→ PROMPT: Every record below should be copied exactly, with the pictures left out.

_ _ _ _

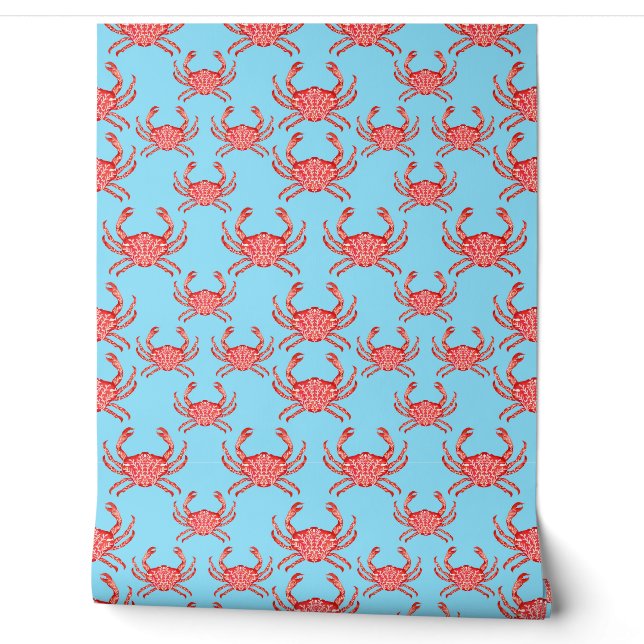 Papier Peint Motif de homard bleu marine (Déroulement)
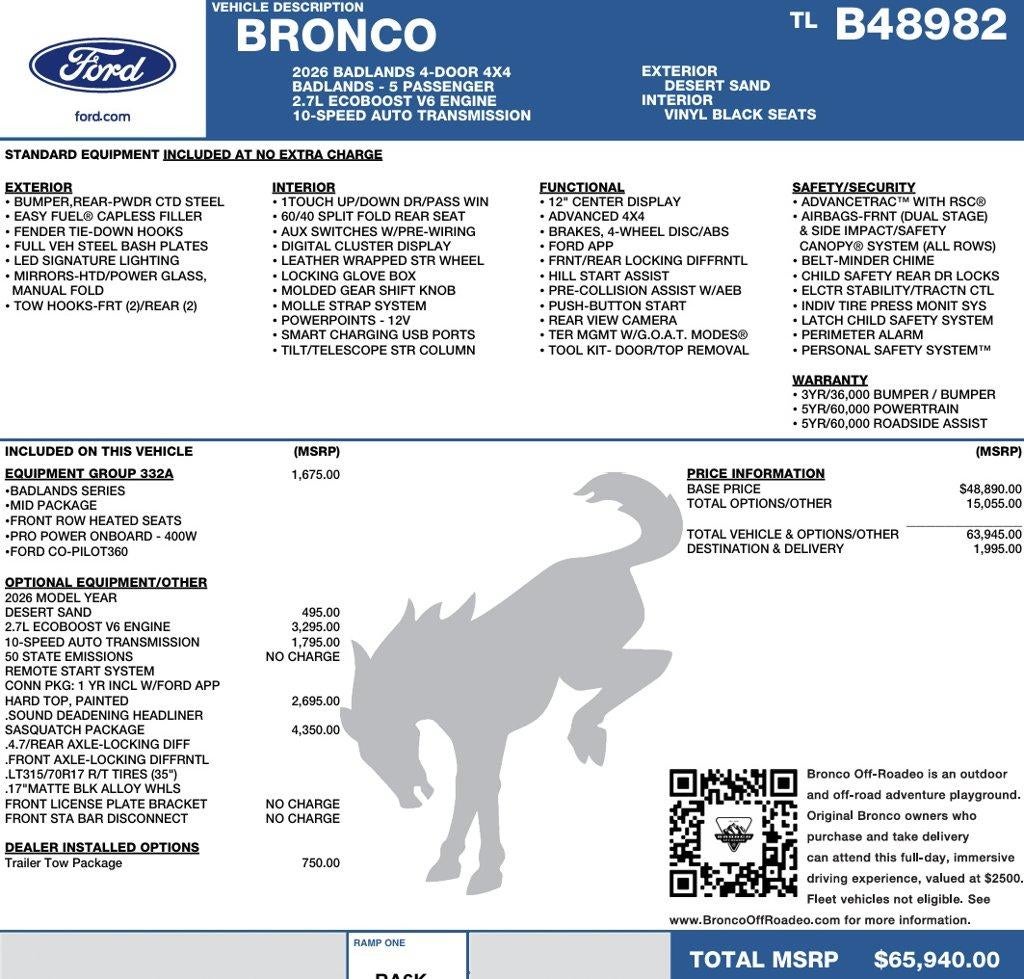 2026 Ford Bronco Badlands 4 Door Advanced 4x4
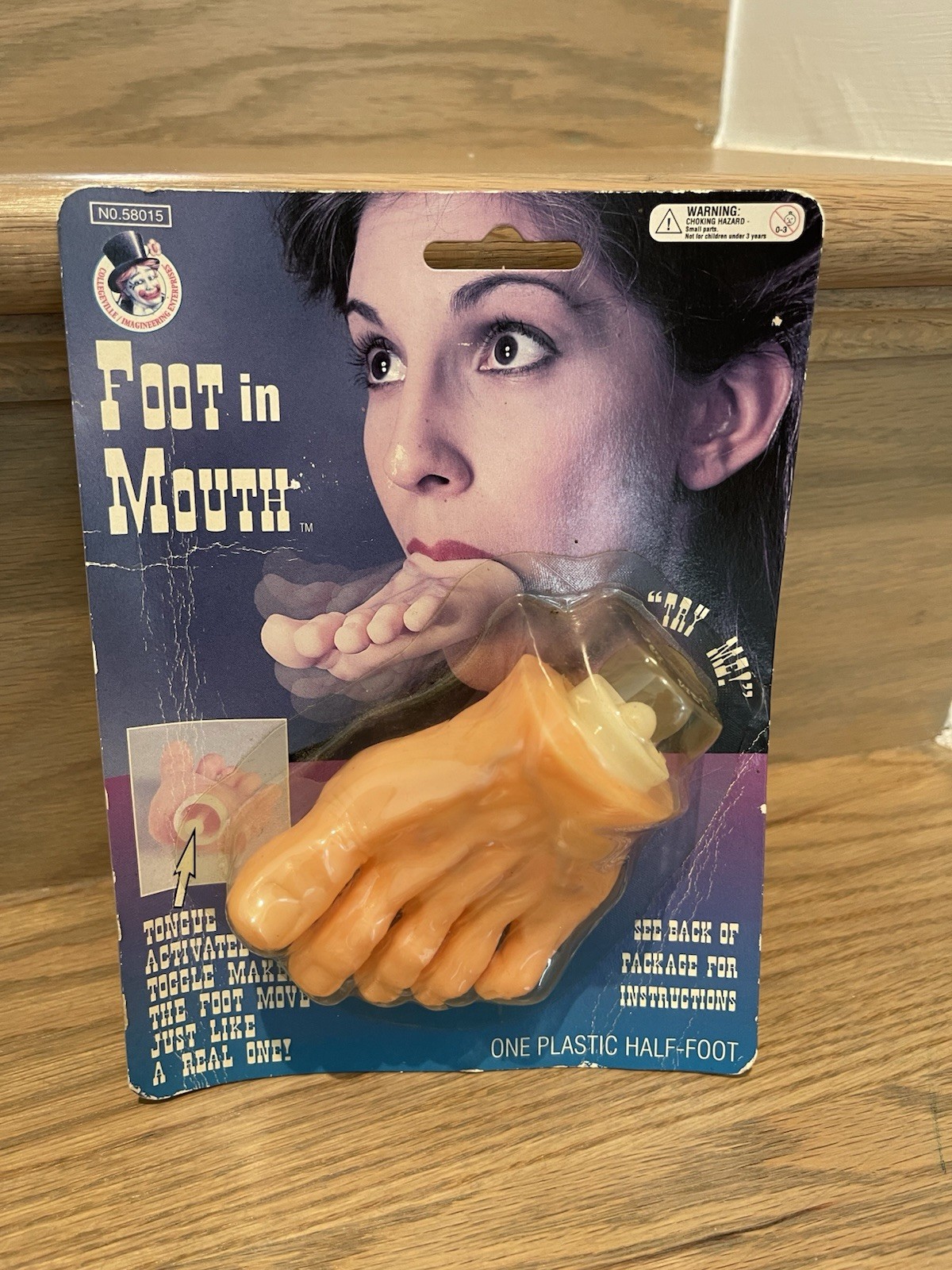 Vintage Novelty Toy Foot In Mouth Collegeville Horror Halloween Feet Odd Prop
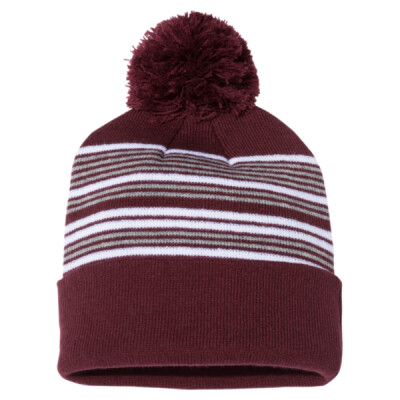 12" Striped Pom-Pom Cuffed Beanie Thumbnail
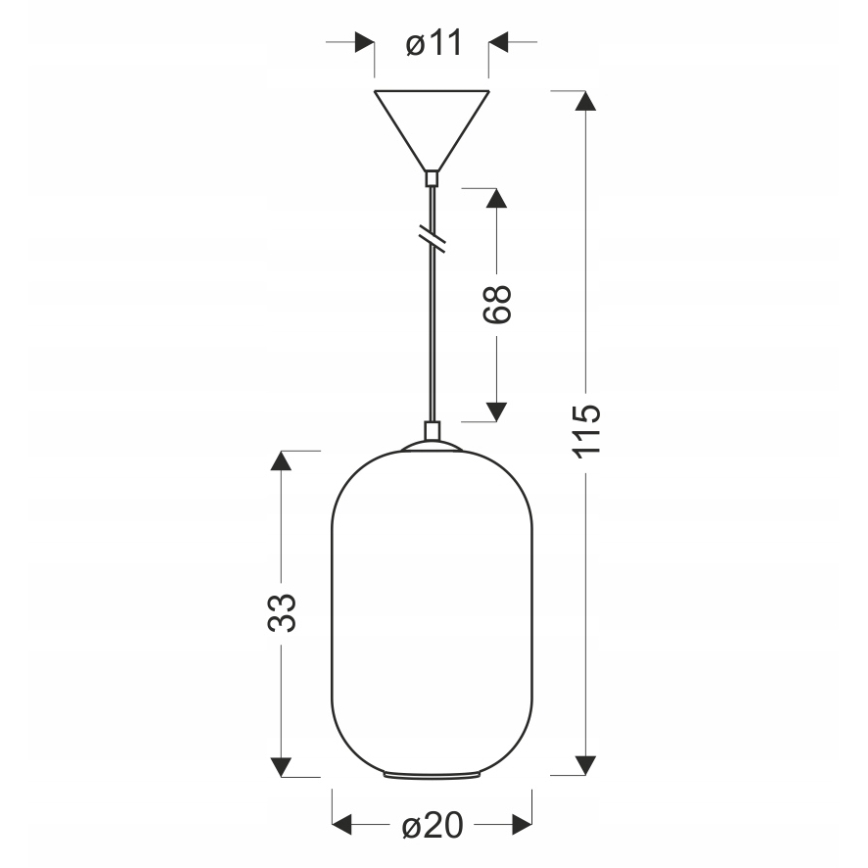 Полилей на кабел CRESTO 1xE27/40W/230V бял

_ _ _ _

→ SOLUTION FOR THIS TASK:
 Papier Peint Motif de homard bleu marine (Déroulement)
 2026 Ford Bronco Badlands 4 Door Advanced 4x4
 Vintage Novelty Toy Foot In Mouth Collegeville Horror Halloween Feet Odd Prop
 12" Striped Pom-Pom Cuffed Beanie Thumbnail
 Полилей на кабел CRESTO 1xE27/40W/230V бял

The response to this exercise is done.